The Lead
Somewhere in the immediate vicinity of New York City, Gary Bettman just woke up fully aroused.
For those that thought last night’s Columbus/Edmonton game was a delight to watch, kill a puppy if you have to in order to obtain a tape of tonight’s Calgary Flames/Nashville Predators game. In the New NHLiest game I maybe have ever seen in my life, Calgary won 7-6 in a game that featured a few breakaway goals, four power play goals, THREE shorties, a penalty shot, and nine goals in the last two periods alone.

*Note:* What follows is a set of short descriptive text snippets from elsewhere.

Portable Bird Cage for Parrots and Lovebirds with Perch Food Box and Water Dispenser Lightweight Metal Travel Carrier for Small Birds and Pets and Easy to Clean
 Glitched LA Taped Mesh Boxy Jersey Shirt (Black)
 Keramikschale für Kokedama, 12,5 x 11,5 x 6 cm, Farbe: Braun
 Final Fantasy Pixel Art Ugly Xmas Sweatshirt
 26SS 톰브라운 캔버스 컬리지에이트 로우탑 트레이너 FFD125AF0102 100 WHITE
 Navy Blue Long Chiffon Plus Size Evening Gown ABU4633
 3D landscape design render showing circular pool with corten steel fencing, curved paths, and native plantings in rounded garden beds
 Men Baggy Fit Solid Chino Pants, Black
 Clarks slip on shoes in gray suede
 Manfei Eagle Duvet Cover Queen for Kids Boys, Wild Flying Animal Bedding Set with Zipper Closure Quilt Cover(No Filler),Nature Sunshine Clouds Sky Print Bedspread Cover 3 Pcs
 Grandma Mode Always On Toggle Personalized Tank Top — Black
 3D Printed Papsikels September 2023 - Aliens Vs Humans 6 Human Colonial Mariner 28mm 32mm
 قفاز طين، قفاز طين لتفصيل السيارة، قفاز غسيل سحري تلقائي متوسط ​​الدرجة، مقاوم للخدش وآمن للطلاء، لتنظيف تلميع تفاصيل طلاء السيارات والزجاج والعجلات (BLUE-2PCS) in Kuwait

At one point in the second period, Calgary led the game 5-0 and seemed to be ready to take this one in a laugher. The Flames had scored four goals on just 10 shots on Pekka Renne, well, Dan Ellis hasn’t really inspired much confidence of late either. But because the Flames got fat and happy on their five-goal lead, Nashville began to claw its way back in.
The Preds scored three times in the space of 5:25 to cut the Calgary lead to two, but a goal 60 seconds later from Daymond Langkow, who had another goal disallowed earlier in the period, put the Flames up three again. The teams went into the second intermission with Calgary up 6-3.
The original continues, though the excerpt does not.